Closed ckormanyos closed 1 year ago

ckormanyos commented 2 years ago

We need to be sure to look into this line in relation to the December planned deprecation of Ubuntu 18.04 on GHA.

I just hit one of the four hour scheduled brown-outs inadvertently and had previously been unaware of this scheduled deprecation.

Cc: @jzmaddock and @mborland and @NAThompson

ckormanyos commented 2 years ago

In this issue, maybe it makes sense to create a Docker impage of the older ubuntu distro with the older GCC/clang compilers pre-installed?

Maybe this (or something like it) is needed in general for Boost and we could make a generic image used by multiple Boost CIs running on GHA?

Unfortunately, I do not know how to do this myself.

jzmaddock commented 2 years ago

I'm not sure what to make of this - ordinarily I would say lets deprecate anything not supported by Github, but that removes testing for all gcc versions prior to 9 :(

Maybe I'll see if earlier gcc versions can be run successfully on unbuntu-20.

Or we could move all those tests on to the drone runner.

ckormanyos commented 2 years ago

see if earlier gcc versions can be run successfully on unbuntu-20.

Indeed. I am doing this in another project. So far on Ubuntu 20.04, I've found:

I'm checking for clang++8.

All of these need to be installed, as we do on the fly with sudo apt install.

ckormanyos commented 2 years ago

Revision: On Ubuntu 20.04 LTS in GHA, I can find and use:

I've installed with the following command:

sudo apt install g++-7 g++-8 g++-9 clang-8 clang-9
mborland commented 2 years ago

I was thinking about this last night because I hit a GCC5 specific error on a math PR. At what point do we stop testing on older compilers? We continue to modernize and add newer tool chains but never discontinue old ones.
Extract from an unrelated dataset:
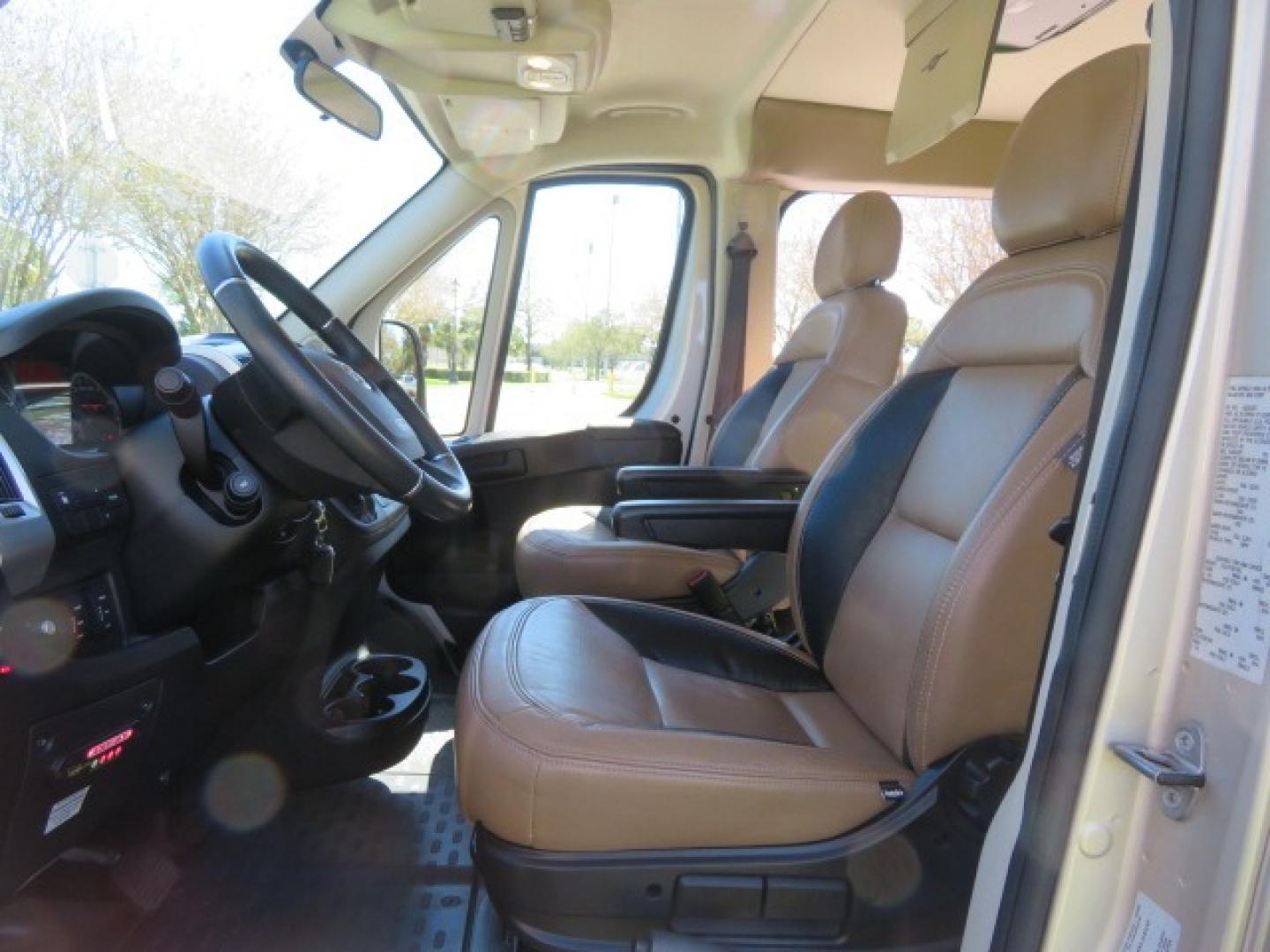 2016 Gold /Tan and Black Leather RAM Promaster (3C6TRVAG5GE) , located at 4301 Oak Circle #19, Boca Raton, FL, 33431, (954) 561-2499, 26.388861, -80.084038 - You are looking at a Gorgeous 2016 Ram Promaster Tempest X Handicap Wheelchair Conversion Van with 30K Original Miles, Lowered Floor, Dual Side Entry Doors, Power Passenger Side Entry Door, 750lb Braunability Wheelchair Lift, 4 Passenger Rear Power Bench Seat/Bed, Navigation, Rear Entertainment, Sur - Photo#79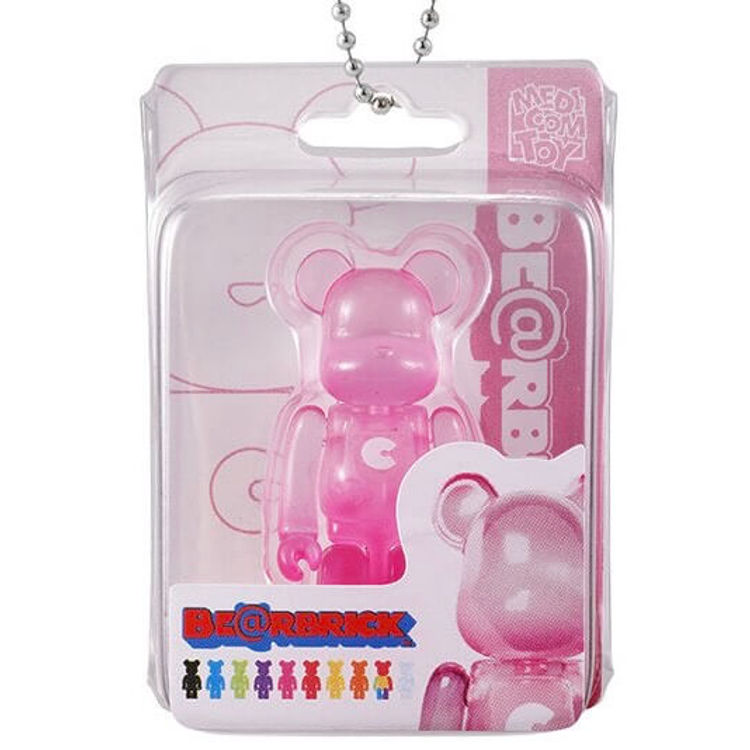 50% Clear Pink Be@rbrick by Medicom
I would argue whatever the vanilla CI system can provide (seems like GCC7) is sufficient.

ckormanyos commented 2 years ago

At what point do we stop testing on older compilers? We continue to modernize and add newer tool chains but never discontinue old ones. I would argue whatever the vanilla CI system can provide (seems like GCC7) is sufficient.

As long as we don't reach that point out of frustration, I'm OK with our decisions. But I must admit, I'm rapidly reaching that point as well.

jzmaddock commented 2 years ago

Ubuntu-18.04 is still part of Ubuntu's LTS distributions, still supported, and still on their downloads page. It's gcc-5 I believe.

For Boost.Config I've just moved everything that's done on 18.04 to drone: https://github.com/boostorg/config/pull/443.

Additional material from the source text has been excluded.